Task to carry out:
When the line with "Number 5 40" turns up below, begin repeating exactly, and carry on through the line with "Meuble sous vasque"; no pictures go into the copy.

BEGIN Recorded information

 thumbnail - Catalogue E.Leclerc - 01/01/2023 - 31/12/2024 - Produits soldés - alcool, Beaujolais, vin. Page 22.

END Recorded information
BEGIN Recorded information

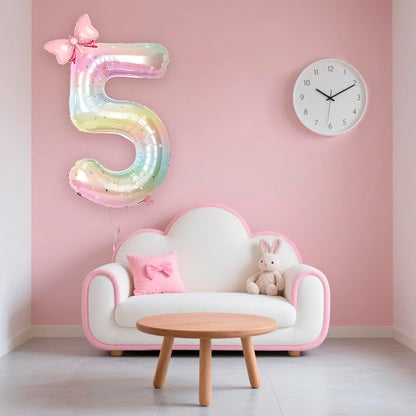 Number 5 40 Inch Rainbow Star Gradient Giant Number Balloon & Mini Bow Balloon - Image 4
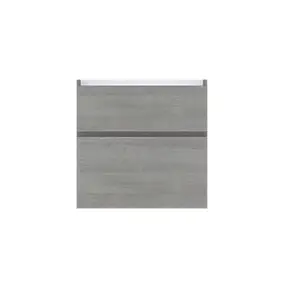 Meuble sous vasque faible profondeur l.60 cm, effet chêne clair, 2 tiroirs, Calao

END Recorded information

Result of the exercise:
 Number 5 40 Inch Rainbow Star Gradient Giant Number Balloon & Mini Bow Balloon - Image 4
 Meuble sous vasque faible profondeur l.60 cm, effet chêne clair, 2 tiroirs, Calao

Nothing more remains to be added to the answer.